A Madrid, un nouveau musée ultramoderne expose les vieux trésors de la monarchie
Sorties de luxueux palais pour être accrochées aux murs épurés d'une salle d'exposition, des centaines d'oeuvres acquises par les dynasties espagnoles ont été réunies dans un nouvel écrin à l'architecture ultramoderne: la Galerie des collections royales.
La dernière apparition publique du Cheval Blanc du peintre espagnol Diego Velázquez (1599-1660) remonte à 2015, lors d'une exposition temporaire à Paris. Le reste du temps, "il était accroché dans une chambre du Palais Royal" de Madrid, jouxtant ce nouveau musée qui ouvrira fin juin, raconte Leticia Ruiz Gómez, directrice des collections royales.

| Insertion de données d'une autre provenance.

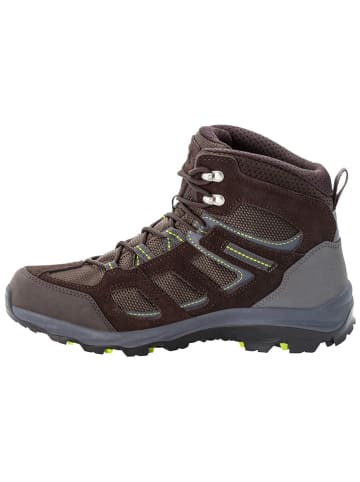 Jack Wolfskin Buty trekkingowe "Vojo 3 Texapore Mid" w kolorze brązowo-szarym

L'immense tableau est l'une des pièces maîtresses de l'étage consacré à la Maison de Habsbourg qui a régné sur l'Espagne aux XVIe et XVIIe siècles.
A quelques pas se trouvent un Caravage, ou encore le "Triomphe du temps", une tapisserie de plus de trois mètres de haut qui aurait appartenu à Isabelle la Catholique (1451-1504), acquise en février par le ministère de la Culture pour un million d'euros.
Dans une capitale espagnole comptant déjà des musées au rayonnement international comme le Prado ou le Reina Sofia, la Galerie des collections royales sera "une vitrine" et permettra "de montrer la diversité, la richesse et la qualité de ce qu'ont collectionné les rois espagnols pendant cinq siècles", explique Ana de la Cueva, présidente de l'organisme public gérant le Patrimoine national espagnol.
L'idée de créer un musée pour exposer les collections royales avait déjà été évoquée il y a un siècle mais le projet avait échoué en raison de la Guerre civile (1936-1939).
- "Peintre fou" -
Un deuxième étage est consacré à la dynastie des Bourbons, de l'actuel roi Felipe VI, avec des oeuvres de Francisco de Goya (1746-1828), un carrosse recouvert de bronze du XIXe siècle ou encore le "portrait de dos" du roi Charles IV, dont on ne voit que l'arrière de la perruque et qui valu à son auteur, Juan Bauzil, le surnom de "peintre fou".
Un troisième niveau accueillera les expositions temporaires mais aussi un cube "immersif" où seront projetées des images à 360° des dizaines de "sites royaux" à travers l'Espagne, dont sont issues les pièces exposées.
La plupart des 650 oeuvres de l'exposition permanente n'étaient jusqu'alors pas accessibles et prenaient la poussière dans des réserves ou des ailes de palais et monastères fermés au public. Elles seront renouvelées régulièrement, le musée étant doté de réserves à la pointe de la technologie pour conserver les milliers d'oeuvres des collections royales.
"Notre rôle est de les montrer pour que les citoyens soient conscients que ce patrimoine appartient à tous, contrairement à d'autres pays", précise-t-elle en pointant du doigt des monarchies dans lesquelles de nombreuses oeuvres appartiennent à la famille royale et non à l'Etat.
- Un écrin de béton -
L'attrait pour la monarchie s'érodant avec le temps, le défi pour cette nouvelle galerie sera d'attirer autant de visiteurs que le Palais Royal voisin, qui en recense en moyenne environ 1,5 million par an, contre plus de 2,5 pour le palais de l'Alhambra à Grenade, monument le plus visité du pays.
L'établissement compte pour cela sur son architecture, récipiendaire de plusieurs prix internationaux. La construction entre 2005 et 2016 de la galerie a nécessité de creuser la roche de la corniche surplombant des jardins royaux.
Des portiques de béton gris clair, entre lesquels s'intercalent d'immenses baies vitrées, ont remplacé la falaise, de sorte que le bâtiment est quasiment invisible depuis les hauteurs du palais.